WHAT YOU NEED TO DO: Beginning at the line that contains "Thumbnail for FedLite: A", transcribe the remaining lines of the listing exactly; include the final line and omit everything before.

─── EXERCISE INPUTS

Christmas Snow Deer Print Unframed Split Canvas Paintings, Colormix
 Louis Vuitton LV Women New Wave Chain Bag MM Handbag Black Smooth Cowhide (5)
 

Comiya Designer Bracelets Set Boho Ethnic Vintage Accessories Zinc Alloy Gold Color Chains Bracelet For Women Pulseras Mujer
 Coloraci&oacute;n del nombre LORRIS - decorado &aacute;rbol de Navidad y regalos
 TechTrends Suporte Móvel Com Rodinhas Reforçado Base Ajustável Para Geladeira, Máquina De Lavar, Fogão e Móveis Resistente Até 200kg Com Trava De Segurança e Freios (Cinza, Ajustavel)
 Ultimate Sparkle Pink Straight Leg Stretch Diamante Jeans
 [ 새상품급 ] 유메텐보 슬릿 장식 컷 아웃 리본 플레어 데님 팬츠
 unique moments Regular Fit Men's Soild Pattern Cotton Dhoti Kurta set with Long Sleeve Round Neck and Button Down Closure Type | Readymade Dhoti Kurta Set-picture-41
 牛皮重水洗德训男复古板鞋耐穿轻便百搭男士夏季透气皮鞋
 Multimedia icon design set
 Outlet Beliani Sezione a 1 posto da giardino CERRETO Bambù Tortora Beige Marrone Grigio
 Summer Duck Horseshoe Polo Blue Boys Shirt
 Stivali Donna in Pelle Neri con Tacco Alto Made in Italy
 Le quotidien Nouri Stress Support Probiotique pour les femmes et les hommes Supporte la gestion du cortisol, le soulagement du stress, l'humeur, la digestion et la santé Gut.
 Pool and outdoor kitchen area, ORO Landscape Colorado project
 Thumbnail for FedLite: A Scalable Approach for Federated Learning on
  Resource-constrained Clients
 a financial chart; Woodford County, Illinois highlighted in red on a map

──────

RESULT FOR THIS TASK:
 Thumbnail for FedLite: A Scalable Approach for Federated Learning on
  Resource-constrained Clients
 a financial chart; Woodford County, Illinois highlighted in red on a map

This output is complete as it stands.